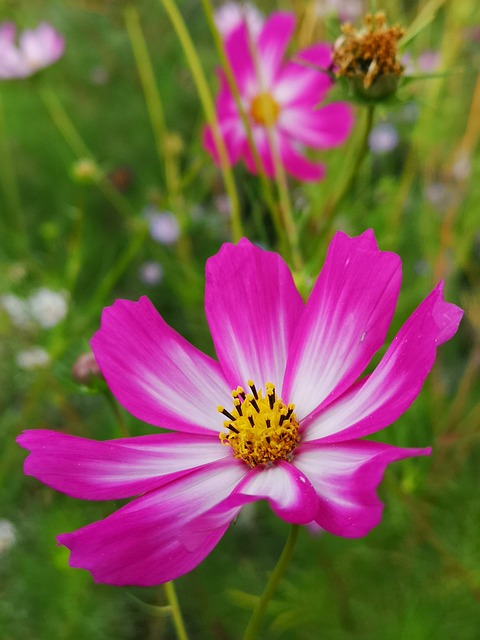 Free Flower Nature photo and picture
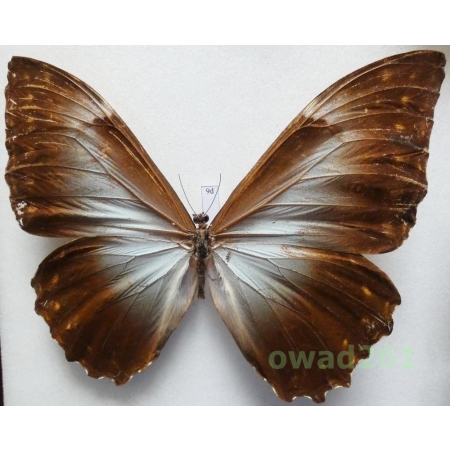 Morpho telemachus (Linnaeus, 1758) Peru 122mm9d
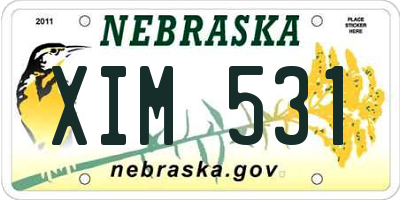 NE license plate XIM531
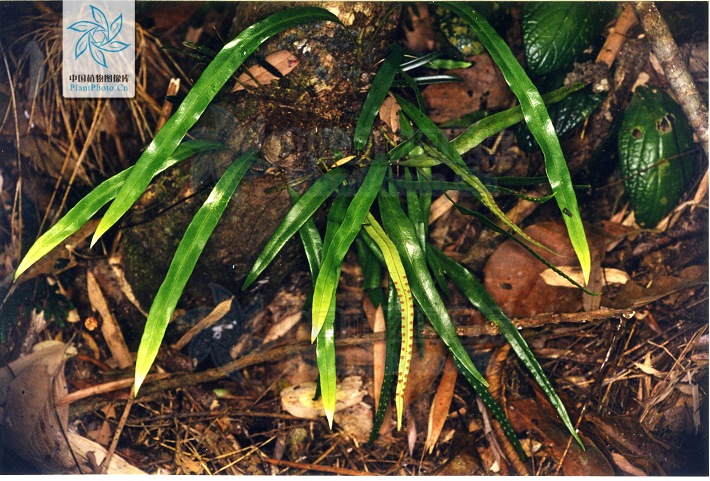  p>长叶瓦韦(学名:lepisorus longus)为附生蕨类.植株高约45厘米.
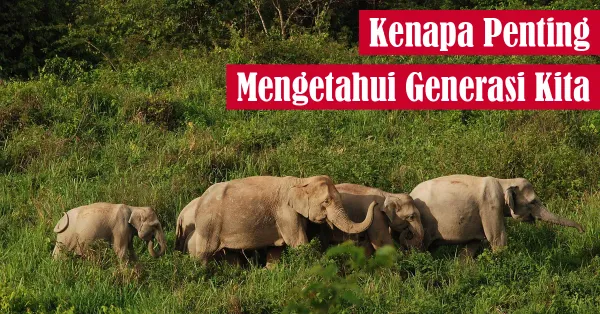 generasi, kuis
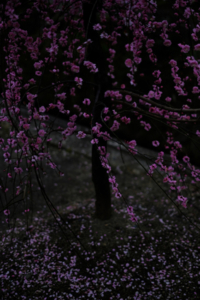 2024年3月　春だ！京都だ！　春探し 哲学の道 周辺 散策 撮影会　京都　3月11日 @ 京都市 | 京都府 | 日本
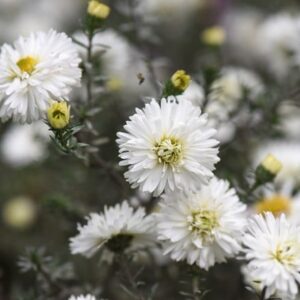Symphyotrichum novi-belgii White Ladies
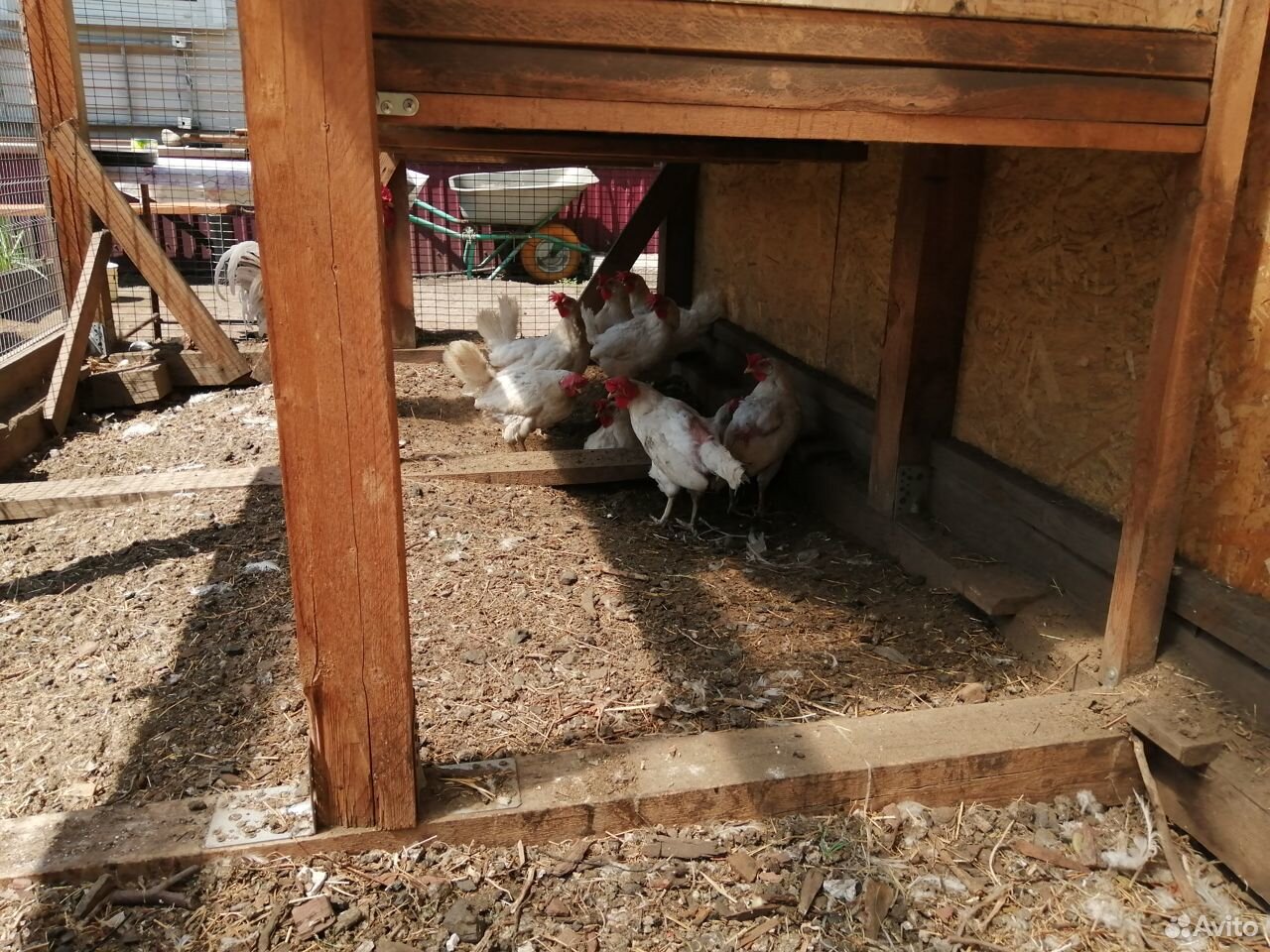 Курицы несушки.леггорн купить на Зозу.ру - фотография № 9
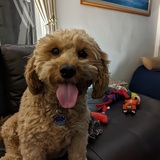 Entry image for Shelby 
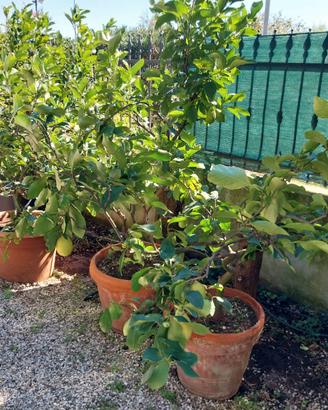 3 Piante di Limone Adulte 20 anni
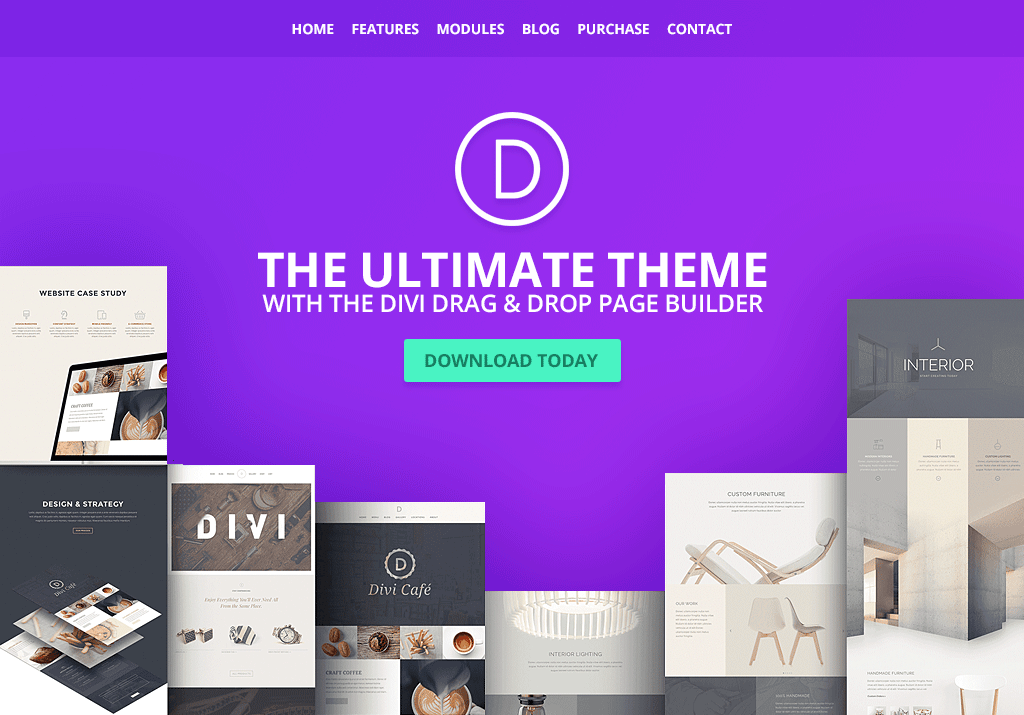 Divi WordPress 主题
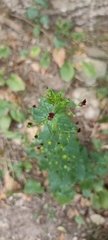 Scrophularia peregrina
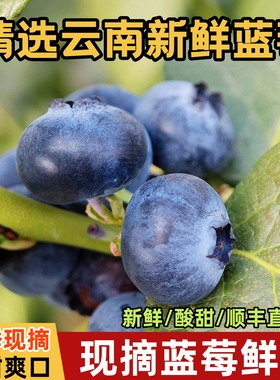 【顺丰】云南蓝莓新鲜现摘6盒大果L25花香蓝莓当季鲜果整箱孕妇果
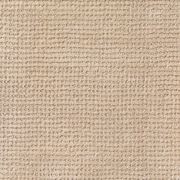 Arani gallery detail image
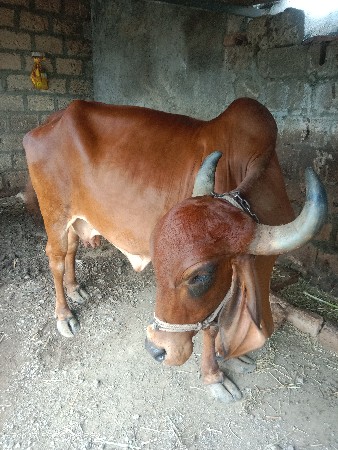 ગાય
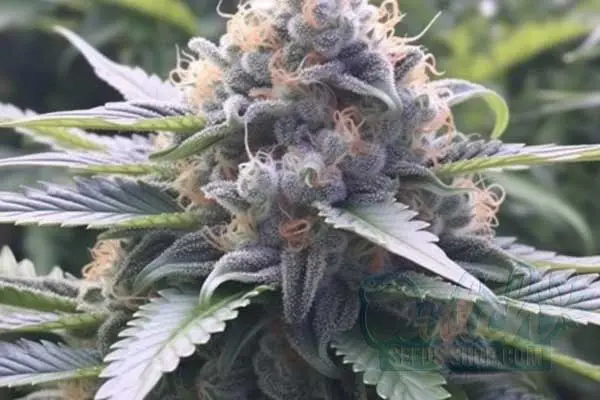 Flowering Time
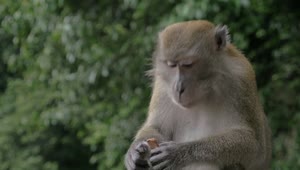 Stock Video Monkey Eaten Candy Taken From Tourist Animated Wallpaper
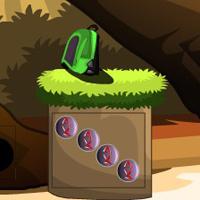 play Top10 Escape From Brown Forest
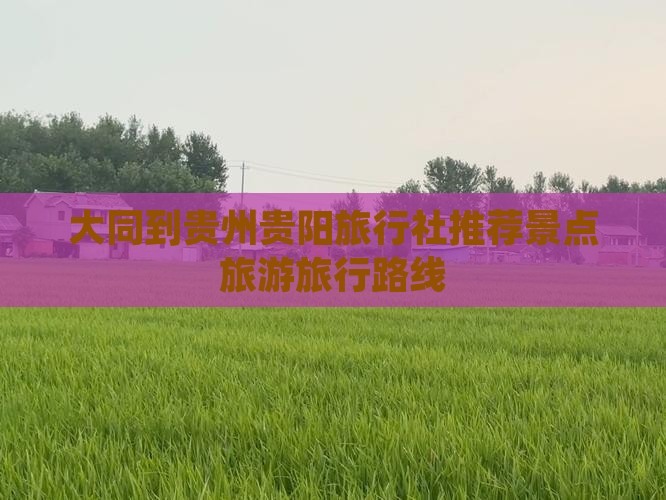 大同到贵州贵阳旅行社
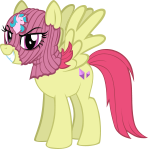 Masked Pony Gangster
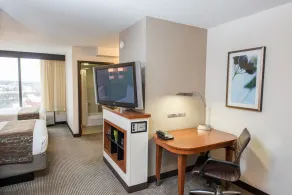 Hyatt Place Minneapolis Eden Prairie - Chambre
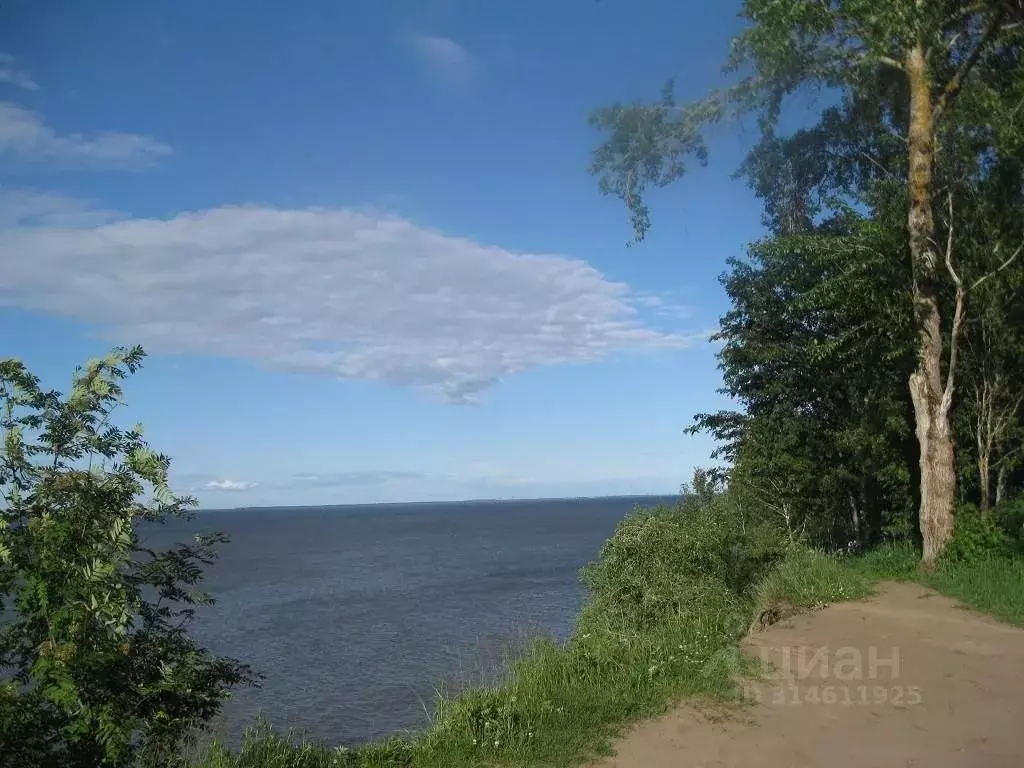 Участок в Ленинградская область, Ломоносовский район, Лебяженское ... - Фото 0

---------------

Please return exactly the lines from the one containing "p>长叶瓦韦(学名:lepi" through the end of the material above, both ends included, but not the pictures.

* Solution for this exercise:
  p>长叶瓦韦(学名:lepisorus longus)为附生蕨类.植株高约45厘米.
 generasi, kuis
 2024年3月　春だ！京都だ！　春探し 哲学の道 周辺 散策 撮影会　京都　3月11日 @ 京都市 | 京都府 | 日本
Symphyotrichum novi-belgii White Ladies
 Курицы несушки.леггорн купить на Зозу.ру - фотография № 9
 Entry image for Shelby 
 3 Piante di Limone Adulte 20 anni
 Divi WordPress 主题
 Scrophularia peregrina
 【顺丰】云南蓝莓新鲜现摘6盒大果L25花香蓝莓当季鲜果整箱孕妇果
 Arani gallery detail image
 ગાય
 Flowering Time
 Stock Video Monkey Eaten Candy Taken From Tourist Animated Wallpaper
 play Top10 Escape From Brown Forest
 大同到贵州贵阳旅行社
 Masked Pony Gangster
 Hyatt Place Minneapolis Eden Prairie - Chambre
 Участок в Ленинградская область, Ломоносовский район, Лебяженское ... - Фото 0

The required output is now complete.